Start of Block

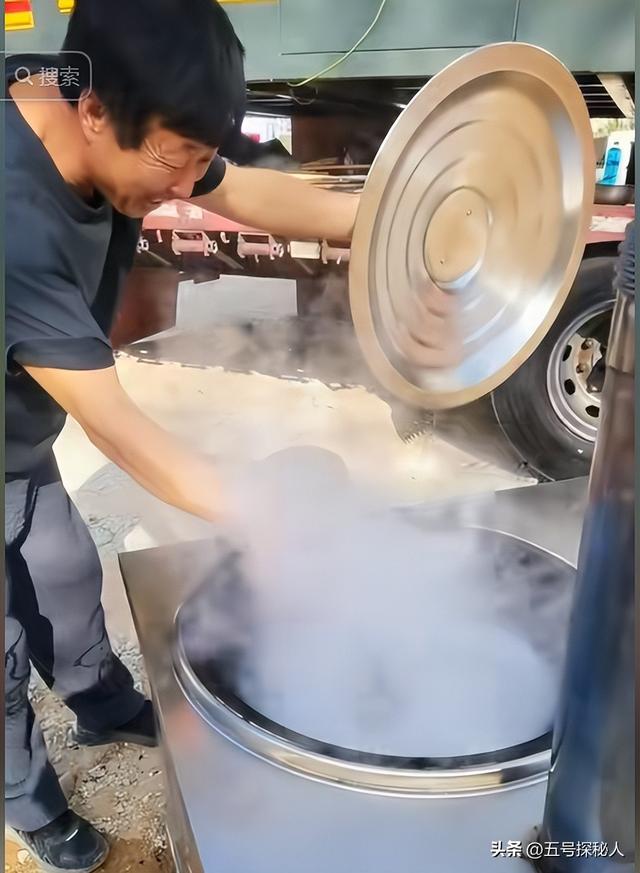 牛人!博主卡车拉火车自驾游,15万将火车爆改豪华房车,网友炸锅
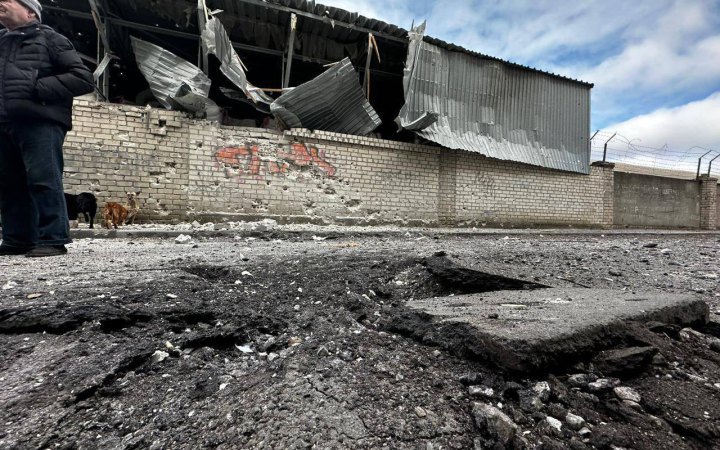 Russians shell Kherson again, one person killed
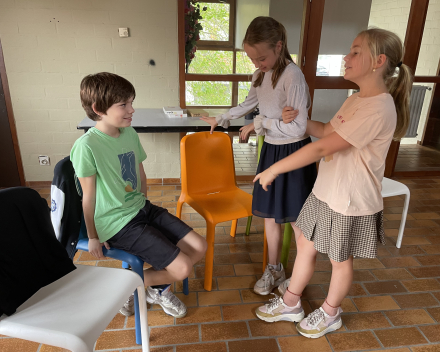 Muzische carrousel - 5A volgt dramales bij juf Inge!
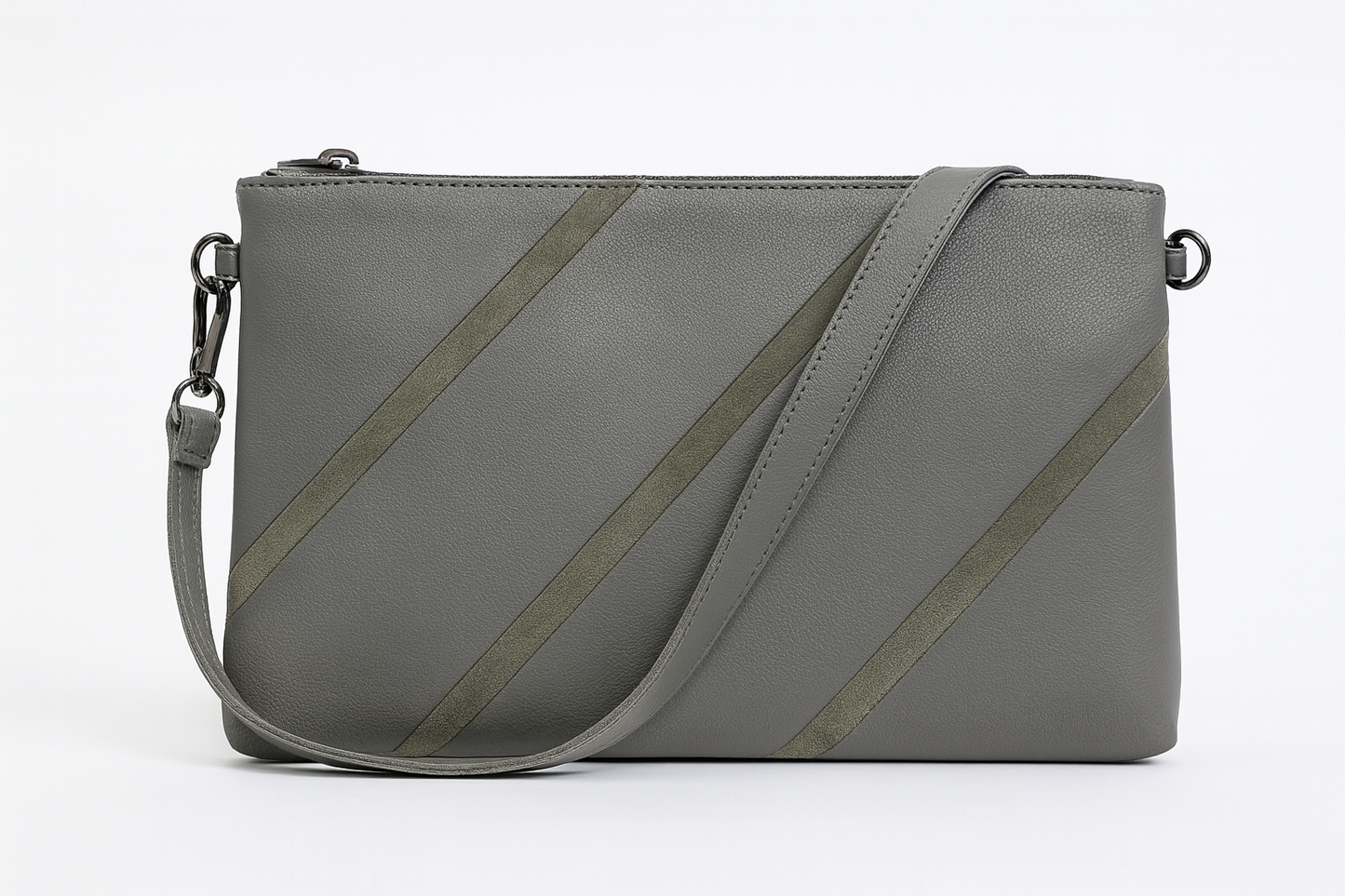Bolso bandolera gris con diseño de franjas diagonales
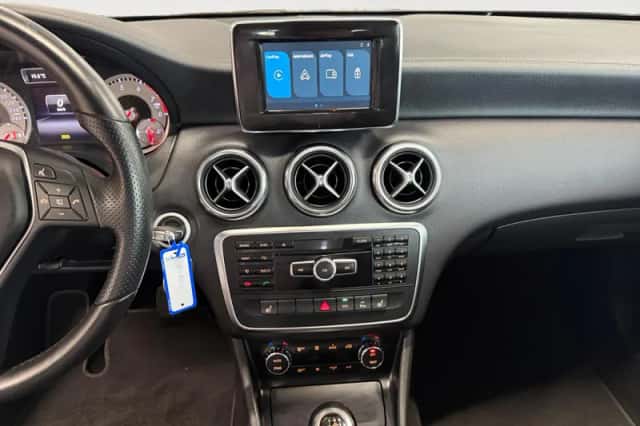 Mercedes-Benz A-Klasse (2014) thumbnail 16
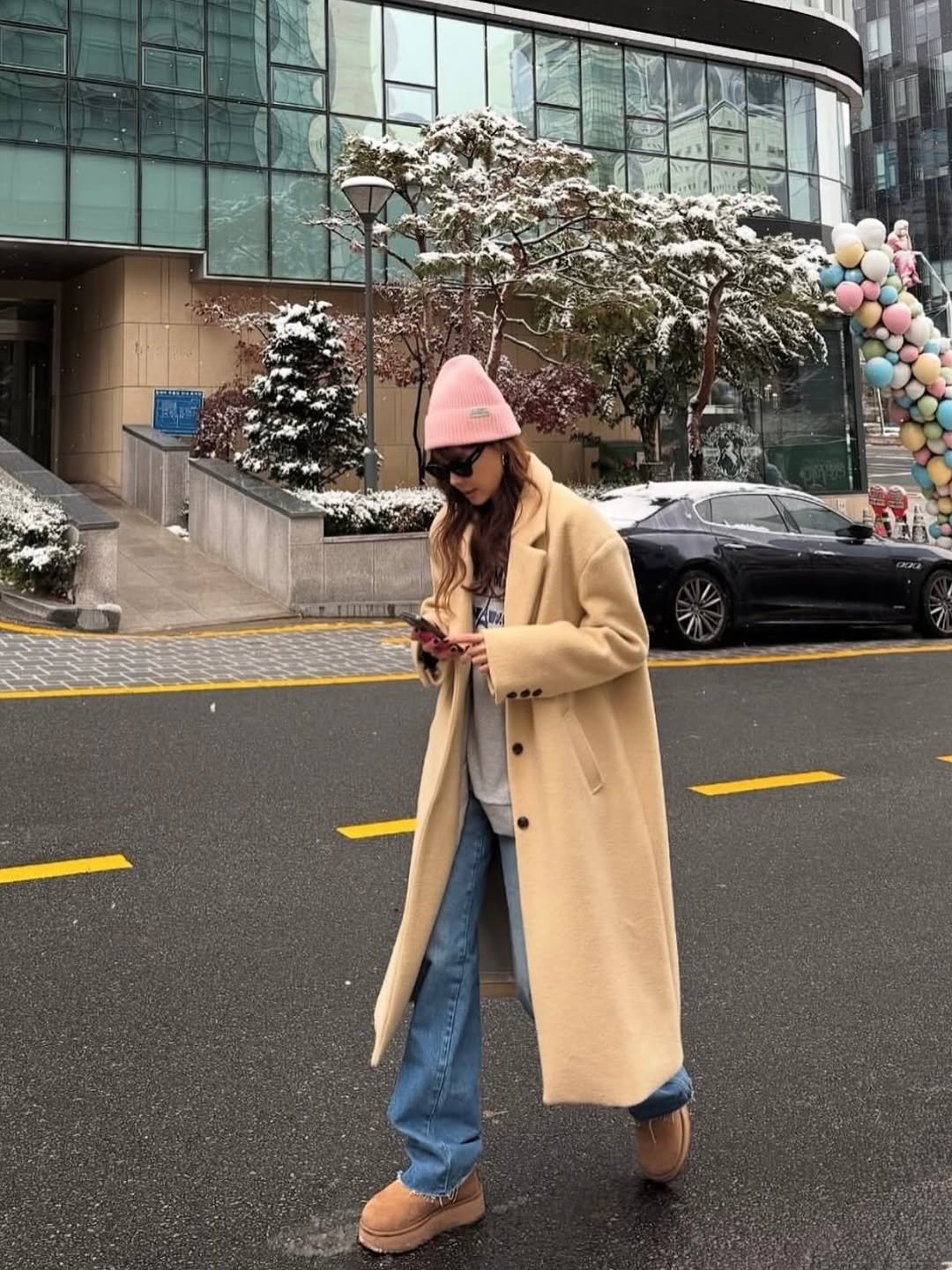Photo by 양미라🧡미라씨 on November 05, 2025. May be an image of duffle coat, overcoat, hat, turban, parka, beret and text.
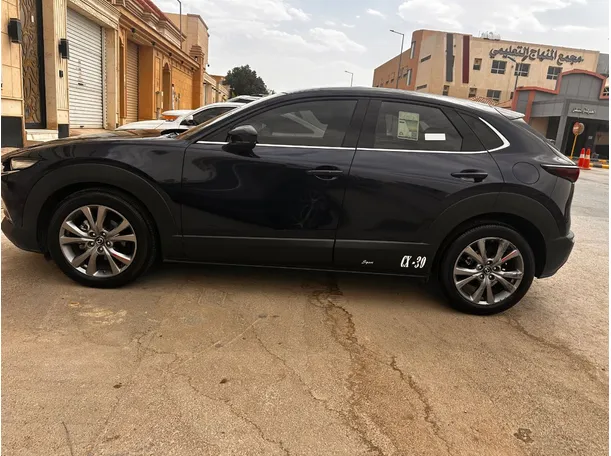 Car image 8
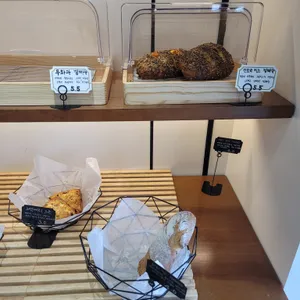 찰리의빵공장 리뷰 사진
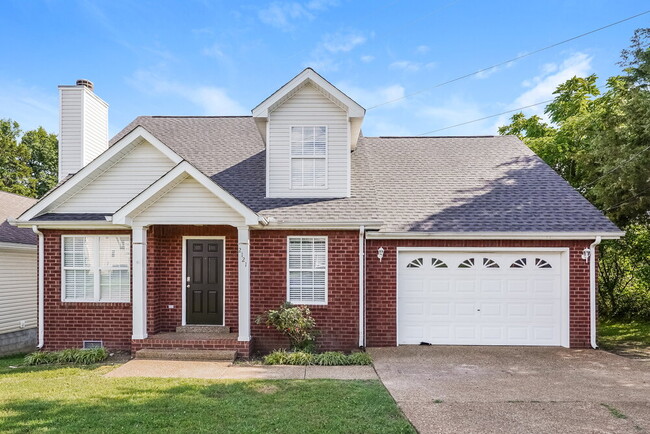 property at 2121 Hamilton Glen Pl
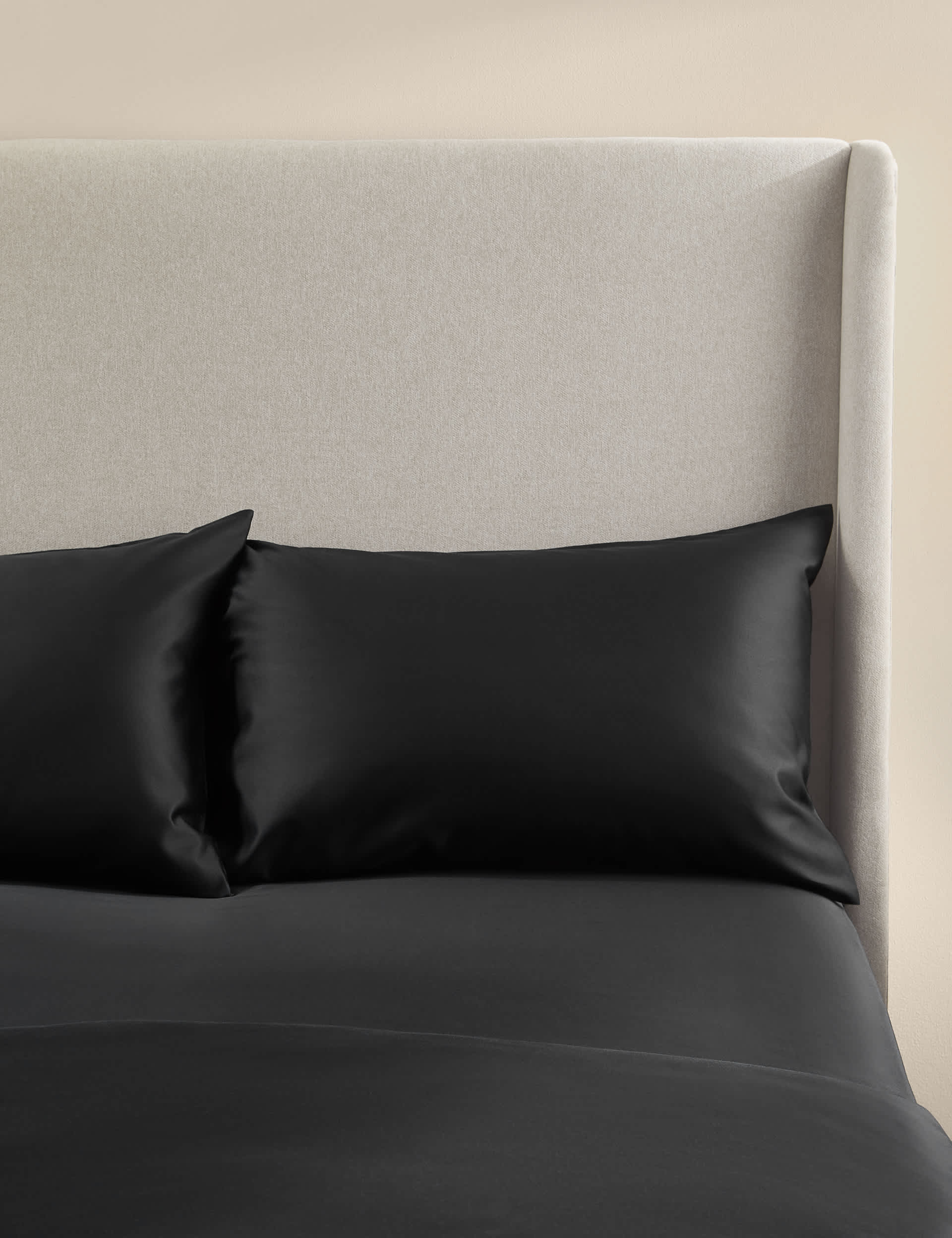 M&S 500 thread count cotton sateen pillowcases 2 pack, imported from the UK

End of Block

*BRIEF:* Nothing but the lines from the one containing "찰리의빵공장 리뷰 사진" through the final line of the records, both included and copied exactly, should appear in the answer; pictures stay out.

*RESPONSE BELOW:*
 찰리의빵공장 리뷰 사진
 property at 2121 Hamilton Glen Pl
 M&S 500 thread count cotton sateen pillowcases 2 pack, imported from the UK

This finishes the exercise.